DATASET EXCERPT
_____

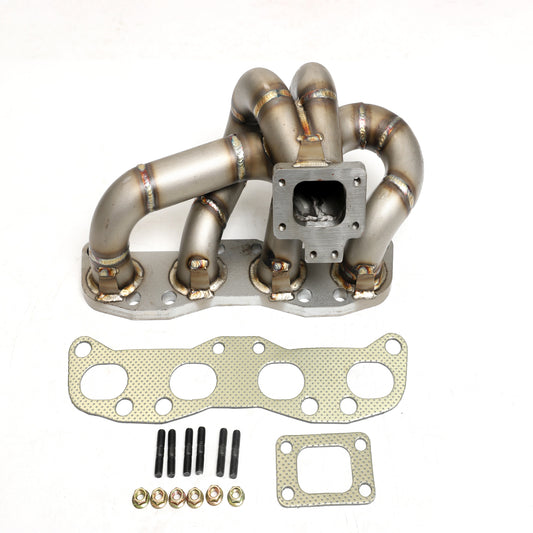 Nissan CA18DET T25/T28 Turbo Exhaust Manifold – 3mm Steam Pipe Stainless Steel Header
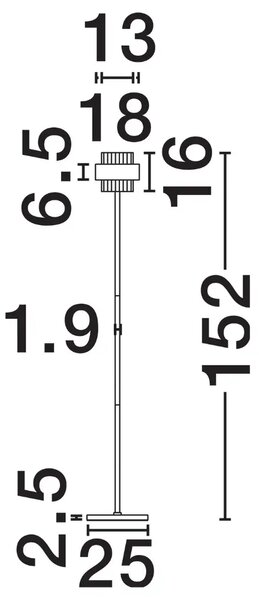 Nova Luce Travertinová stojací lampa Melony 152 cm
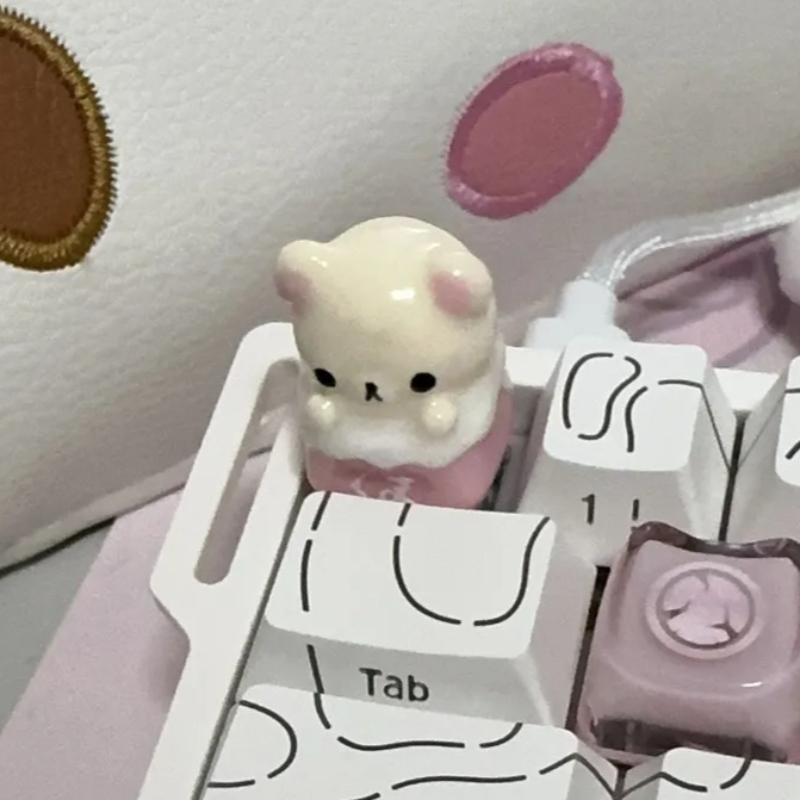 Model Kit Anime Girl - Kawaii Rilakkuma Keycaps Relax Bear Artisan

_____

PROBLEM TO WORK ON
Transcribe the data completely. No pictures should appear in the transcription.

SOLUTION TO THE PROBLEM
 Nissan CA18DET T25/T28 Turbo Exhaust Manifold – 3mm Steam Pipe Stainless Steel Header
 Nova Luce Travertinová stojací lampa Melony 152 cm
 Model Kit Anime Girl - Kawaii Rilakkuma Keycaps Relax Bear Artisan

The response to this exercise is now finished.